Whilst there is no direct read-across for tax and regulatory purposes, as acknowledged by HMRC’s guidance, arguing competing factual positions across the two regimes will clearly not be helpful. Likewise, which partners appear on the ‘Persons with Significant Control’ register with Companies House may require some thought.
Condition C: capital contribution
Condition C is that M’s capital contribution to the LLP is less than 25% of M’s disguised salary for the year in question.
If a disguised salary can be reliably identified, then this is a more straightforward test compared to the others and turns on the figures. It is applied in respect of each tax year, as well as when there is a change of circumstances which might affect the result.
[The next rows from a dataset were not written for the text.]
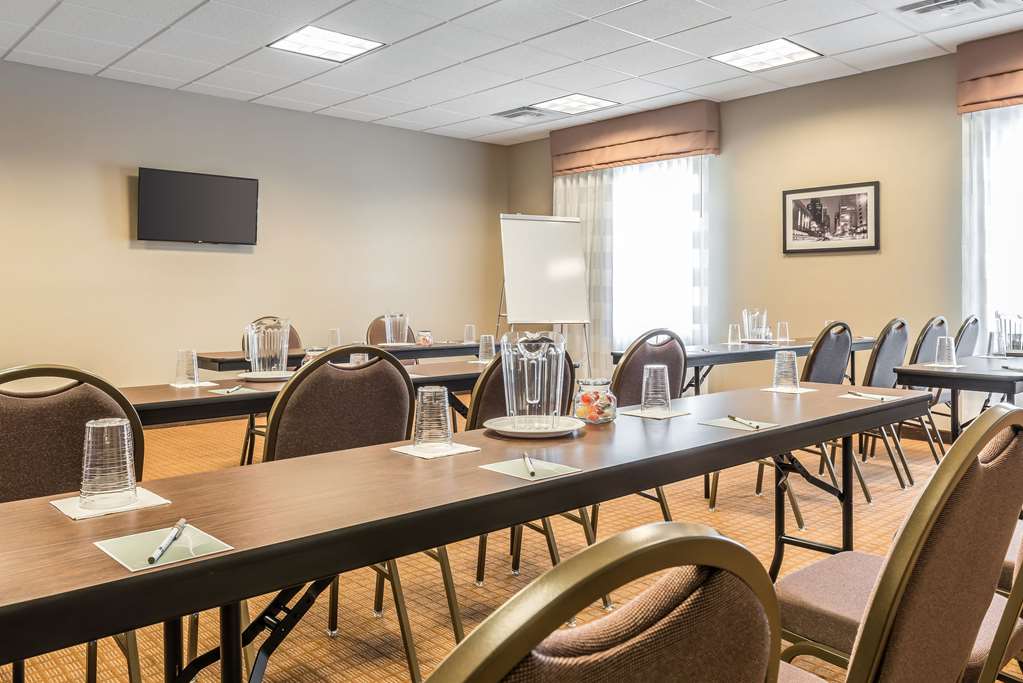 sleep inn and suites cumberland lavale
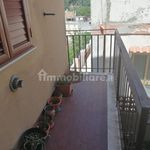 Affitto 3 camera appartamento di 110 m² in Messina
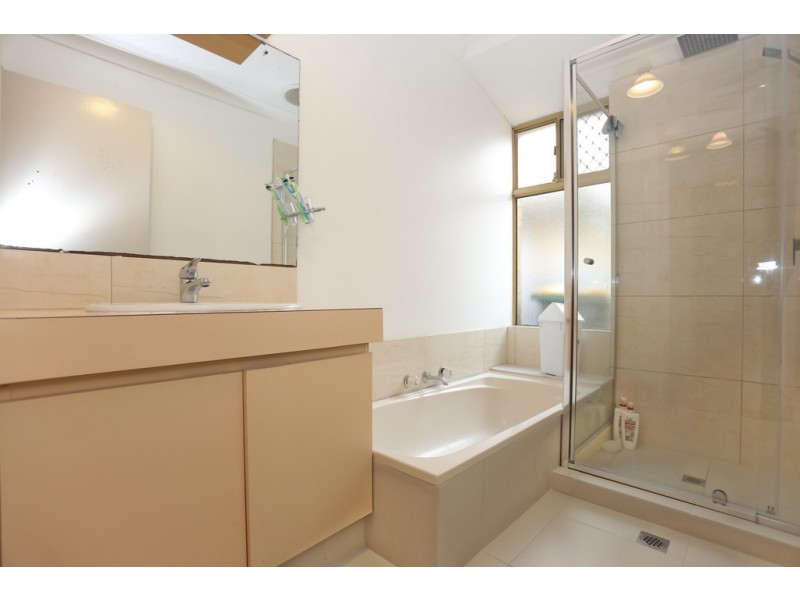 9/25 Quarram Way, Gosnells WA 6110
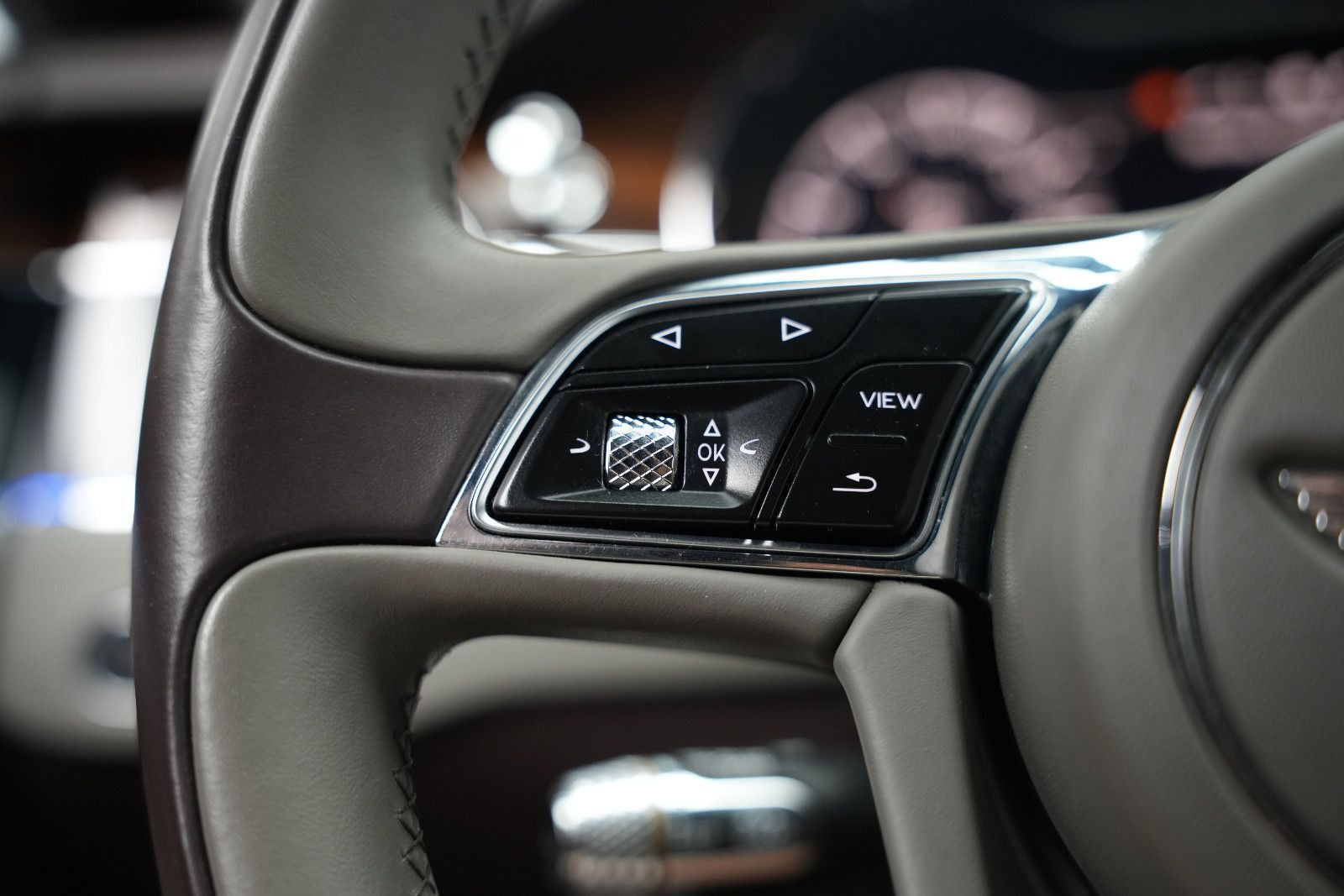 Fahrzeugabbildung Bentley Continental GT W12 First Edition *Rotation*B&O*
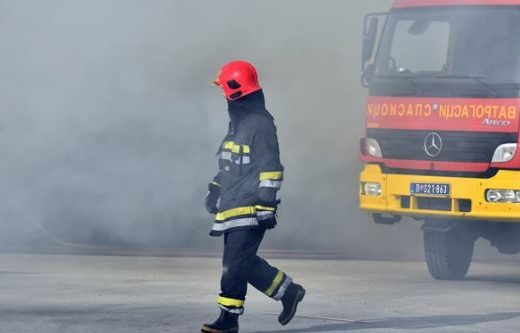 Požar u Bijeljini: Tokom gašenja vatre odjekivale detonacije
LLPs in which the partners have no disguised salary – for example, where they all have a fixed profit share – should comfortably breach Condition C with a nominal level of capital, as well as Condition A.
Practical steps to ensure compliance
As is common with any new legislation, there is always a lag between introduction and HMRC’s attempts to enforce the new rules. Five years post implementation, enquiries have now been in operation for a number of compliance cycles.
What has become apparent is that not enough LLPs have taken proactive measures to review and document their compliance with the new rules, particularly where businesses have grown quickly or operating models have changed, thereby further opening them up to challenge. As a matter of best practice, LLPs should reassess compliance regularly, but there are a number of trigger points to watch out for.
As an accounting period draws to a close and a new one begins, LLPs should be reviewing the salaried member position for the year ahead. This is particularly important for Condition A as it is a forward-looking test.
It would be prudent to document the expectations at the beginning of the year should the LLP ever be challenged on the position taken. Importantly, it may help to demonstrate to HMRC that due care and attention has been taken in arriving at the classification, thus placing the LLP in a better position should there be a future dispute. With drawings typically being made monthly, the LLP will need to know quickly if they have to move a partner onto payroll and start making PAYE deductions. The additional financial burden of the employer’s NICs will also need to be determined along with who will pick up that cost.
Recruitment, promotion and retirement
Whenever a new partner joins, an employee is promoted to partner or an individual retires from the LLP, their individual position will need to be assessed, along with the impact on the wider LLP. This should in theory be a relatively straightforward exercise for isolated incidents, but it becomes more complicated in a merger scenario or where there is a wider succession planning arrangement.
Determining who has significant influence as the LLP grows is often critical, as founders are often not inclined to share power with relative newcomers and corporate investors may seek to ringfence control.
New teams, products and business lines
Material changes in the way an LLP generates profits could lead to a change in remuneration sharing arrangements that will require reassessment under the salaried member rules. Competing profit centres in the same partnership make sharing partnership profits as a whole difficult. Tax considerations need to be factored into the equation while the commercials are still being negotiated to ensure that there are no unwanted surprises.
Where change is gradual over a number of years, it is important to fact check the reality against the past position and historic assumptions. A fairly well balanced business can quickly become skewed where the performance of one part of a business outstrips the rest.